Drewsen's property was in the new cadastre of 1806 as No. 131.

No. 131 was home to a total of 29 people at the time of the 1840 census. The now 80-year-old Drewsen resided in one of the two ground floor apartments with his wife, two unmarried daughters and two lodgers. Peter Trasborg, a beer seller (øltapper), resided in the other ground floor apartment with his family, staff and lodgers. Pierre von Røepstorff (1798-1857), a decommissioned army captain who had served in Tranquebar, resided on the first floor with his wife, three children and one maid. Rudolph Meyer, a musician in the Royal Danish Orchestra, resided on the second floor with his wife, five children and one maid.

The property was listed as Badstuestræde 7 when house numbering by street was introduced as a supplement to the old cadastral numbers (by district) in 1859. The property was home to a total of 25 people at the time of the 1860 census. Carl Ludvig Hansen, a wine merchant, was residing with his wife, four children and three maids on the first floor.

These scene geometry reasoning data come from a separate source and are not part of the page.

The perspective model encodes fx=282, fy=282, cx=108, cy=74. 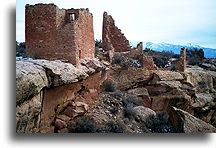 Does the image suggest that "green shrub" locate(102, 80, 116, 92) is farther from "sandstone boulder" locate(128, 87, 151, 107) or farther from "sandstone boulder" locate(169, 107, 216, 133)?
"sandstone boulder" locate(169, 107, 216, 133)

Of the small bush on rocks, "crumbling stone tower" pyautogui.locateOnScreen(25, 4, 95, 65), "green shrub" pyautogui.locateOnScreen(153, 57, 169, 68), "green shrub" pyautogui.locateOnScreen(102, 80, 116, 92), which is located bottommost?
the small bush on rocks

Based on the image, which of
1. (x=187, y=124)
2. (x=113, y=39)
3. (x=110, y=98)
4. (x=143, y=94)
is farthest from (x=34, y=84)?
(x=113, y=39)

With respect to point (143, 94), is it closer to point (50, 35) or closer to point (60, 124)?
point (60, 124)

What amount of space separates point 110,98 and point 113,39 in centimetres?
232

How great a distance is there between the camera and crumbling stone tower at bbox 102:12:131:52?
756cm

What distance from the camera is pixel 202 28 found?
191 inches

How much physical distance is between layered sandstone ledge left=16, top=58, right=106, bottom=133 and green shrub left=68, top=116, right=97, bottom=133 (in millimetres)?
669

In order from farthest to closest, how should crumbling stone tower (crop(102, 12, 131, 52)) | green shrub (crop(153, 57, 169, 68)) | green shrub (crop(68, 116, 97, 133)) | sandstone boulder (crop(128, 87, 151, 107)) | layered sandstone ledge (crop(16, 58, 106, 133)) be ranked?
green shrub (crop(153, 57, 169, 68)) < crumbling stone tower (crop(102, 12, 131, 52)) < sandstone boulder (crop(128, 87, 151, 107)) < green shrub (crop(68, 116, 97, 133)) < layered sandstone ledge (crop(16, 58, 106, 133))

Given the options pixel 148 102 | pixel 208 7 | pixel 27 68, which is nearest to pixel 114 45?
pixel 148 102

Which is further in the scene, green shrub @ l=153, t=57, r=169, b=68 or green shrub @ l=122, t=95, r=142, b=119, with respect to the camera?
green shrub @ l=153, t=57, r=169, b=68

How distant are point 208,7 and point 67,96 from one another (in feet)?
9.64

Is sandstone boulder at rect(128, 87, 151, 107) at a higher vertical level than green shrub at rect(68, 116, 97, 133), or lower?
higher

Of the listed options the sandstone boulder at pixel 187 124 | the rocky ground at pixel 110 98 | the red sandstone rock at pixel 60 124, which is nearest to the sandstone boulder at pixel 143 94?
the rocky ground at pixel 110 98

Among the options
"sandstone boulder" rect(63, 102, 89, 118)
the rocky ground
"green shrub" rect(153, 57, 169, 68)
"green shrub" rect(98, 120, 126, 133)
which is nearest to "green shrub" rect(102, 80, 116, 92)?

Henning Matzen (1840-1910), professor of law at the University of Copenhagen, resided in the ground floor apartment in the years from 1871. The composer and organist Johan Christian Gebauer (1808-1884) was among the residents in the years around 1881.

Ove Rode's and Johan Knudsen's newspaper København was from 1890 published from its premises on the first floor. It was in 1892 sold to Per Brøndum Scavenius. People who wrote for the newspaper while it was based in Badstuestræde include Helge Rode, Viggo Stuckenberg, Gustav Wied, Lorry Feilberg, Carl Ewald, Agnes Hemmingsen, Gustav Esmann and Sophus Claussen.

==Architecture==
The building consists of three storeys over a raised cellar. The main entrance is topped by a transom window. Between the three central windows of the second and third storeys is a meander frieze. A three-bay perpendicular side wing extends from the rear side of the building. The property was listed in the Danish registry of protected buildings and places in 1953.

==Today==
As of 2008, Badstuestræde 7 was owned by the Danish Nurses' Organization. Badstuen, a combined coffee shop and cocktail and beer bar, has since 2017 been based in the basement.